EXERCISE BRIEF: Please repeat, exactly and without pictures, the lines of the entries below that run from the one containing "beaucoup de livres" through the one containing "青椒、洋蔥、紅蘿蔔過油撈起備用".

DATA SHOWN:
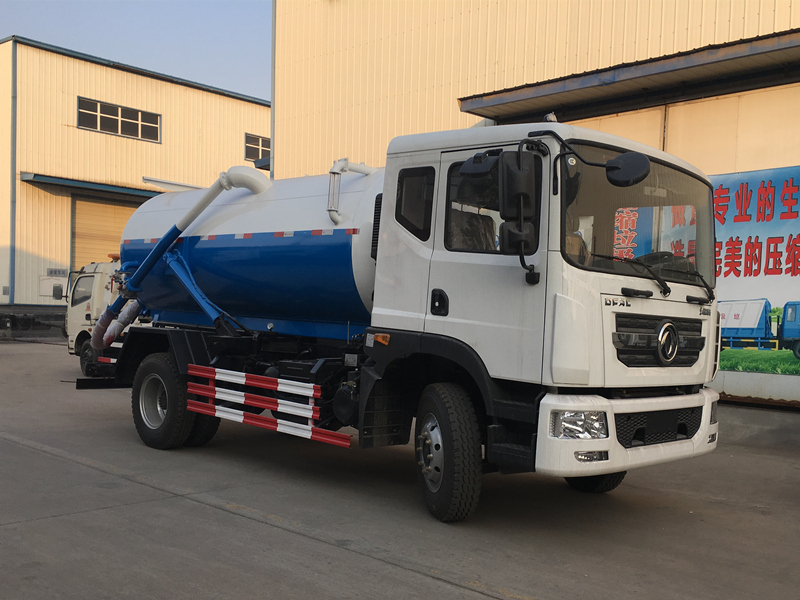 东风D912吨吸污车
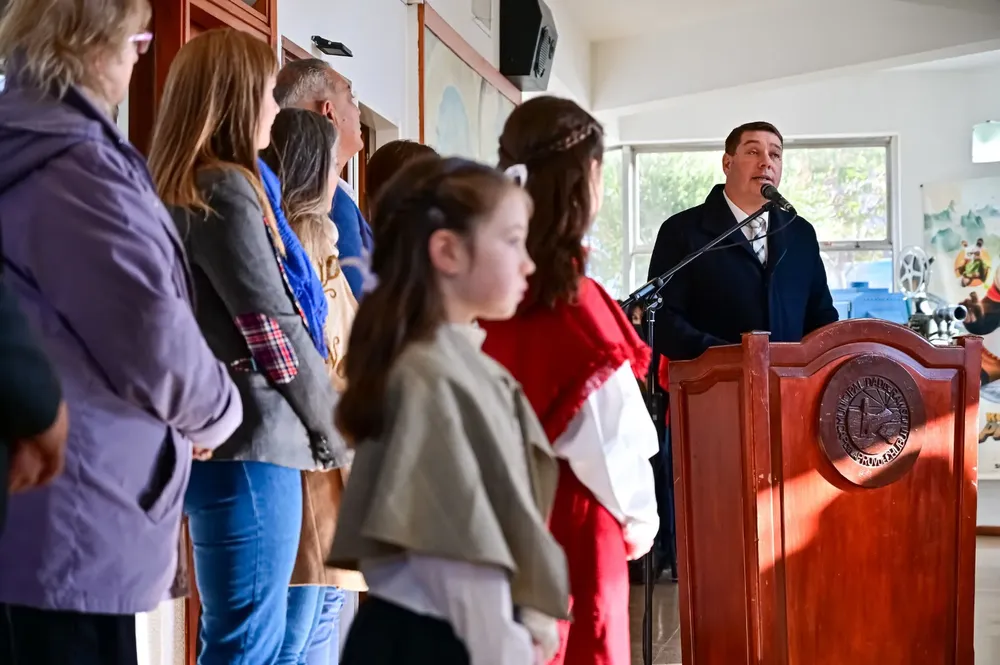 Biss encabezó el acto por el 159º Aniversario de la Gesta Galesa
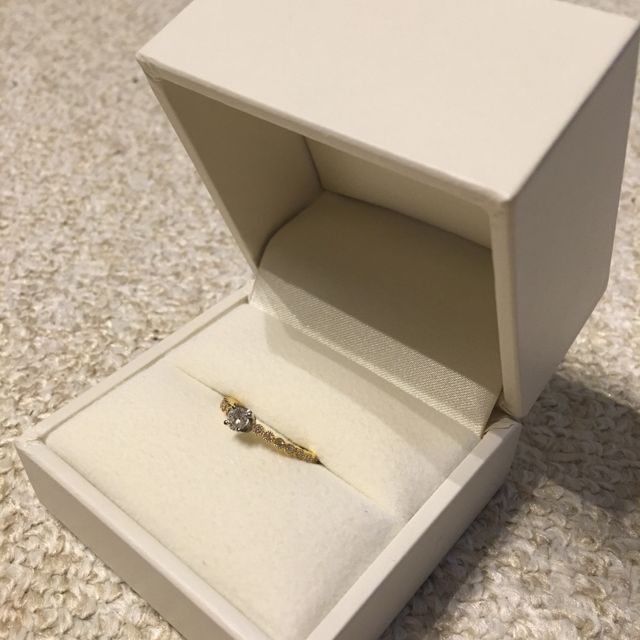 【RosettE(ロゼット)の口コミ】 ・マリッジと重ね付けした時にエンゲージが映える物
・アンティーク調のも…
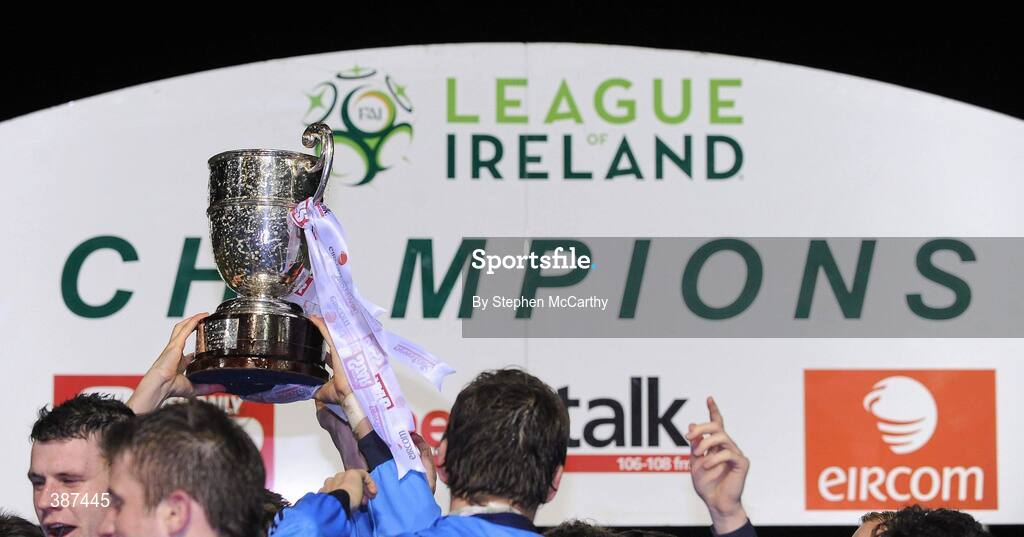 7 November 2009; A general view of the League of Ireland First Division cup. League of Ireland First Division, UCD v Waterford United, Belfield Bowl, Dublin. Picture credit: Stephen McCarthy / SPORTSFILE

---

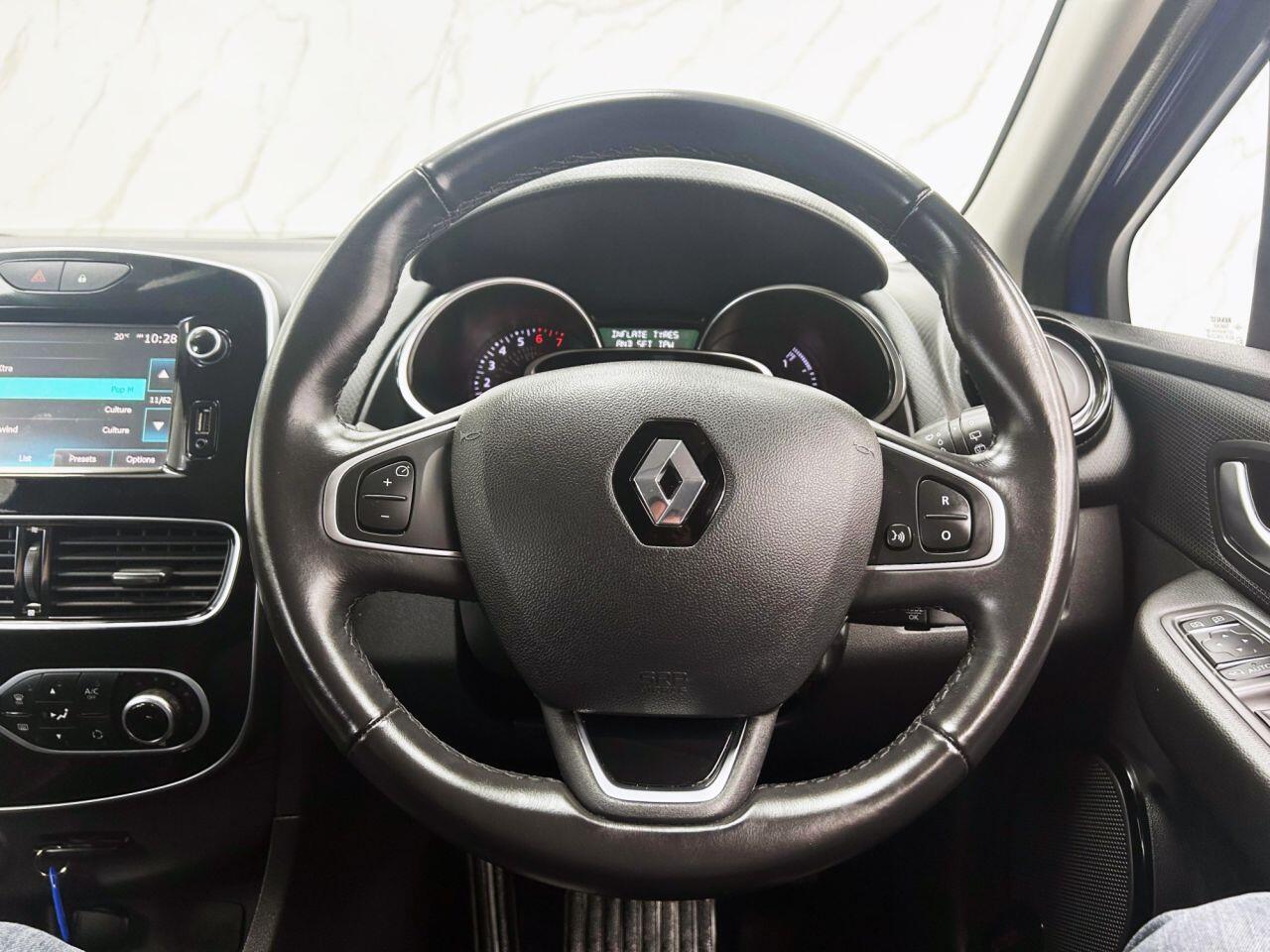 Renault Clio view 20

---

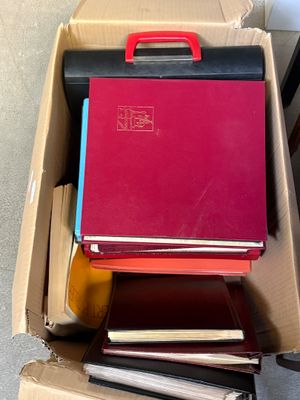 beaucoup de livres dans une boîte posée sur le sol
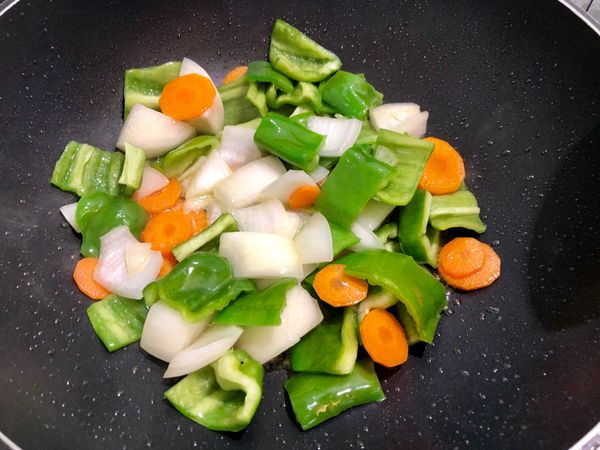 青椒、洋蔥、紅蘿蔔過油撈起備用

REPLY TO THE TASK:
 beaucoup de livres dans une boîte posée sur le sol
 青椒、洋蔥、紅蘿蔔過油撈起備用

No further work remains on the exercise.